TASK INSTRUCTIONS => Please copy out the entries below exactly, beginning with the line that contains "Des gouttes de" and ending with the line that contains "Vintage N E", and include nothing outside that span.

[DATA LISTING]

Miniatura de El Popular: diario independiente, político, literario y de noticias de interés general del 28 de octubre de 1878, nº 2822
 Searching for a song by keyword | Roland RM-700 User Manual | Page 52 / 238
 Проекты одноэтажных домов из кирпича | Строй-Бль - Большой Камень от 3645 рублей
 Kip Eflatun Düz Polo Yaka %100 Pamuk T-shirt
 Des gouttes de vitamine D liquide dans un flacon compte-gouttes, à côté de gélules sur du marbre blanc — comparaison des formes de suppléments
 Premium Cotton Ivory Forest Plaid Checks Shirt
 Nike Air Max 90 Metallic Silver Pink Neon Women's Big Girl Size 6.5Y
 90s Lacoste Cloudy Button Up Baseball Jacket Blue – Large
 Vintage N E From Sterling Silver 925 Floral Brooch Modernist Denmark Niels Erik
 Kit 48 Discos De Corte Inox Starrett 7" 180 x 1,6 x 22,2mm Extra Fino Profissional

[/DATA LISTING]

PROBLEM SOLUTION =>
 Des gouttes de vitamine D liquide dans un flacon compte-gouttes, à côté de gélules sur du marbre blanc — comparaison des formes de suppléments
 Premium Cotton Ivory Forest Plaid Checks Shirt
 Nike Air Max 90 Metallic Silver Pink Neon Women's Big Girl Size 6.5Y
 90s Lacoste Cloudy Button Up Baseball Jacket Blue – Large
 Vintage N E From Sterling Silver 925 Floral Brooch Modernist Denmark Niels Erik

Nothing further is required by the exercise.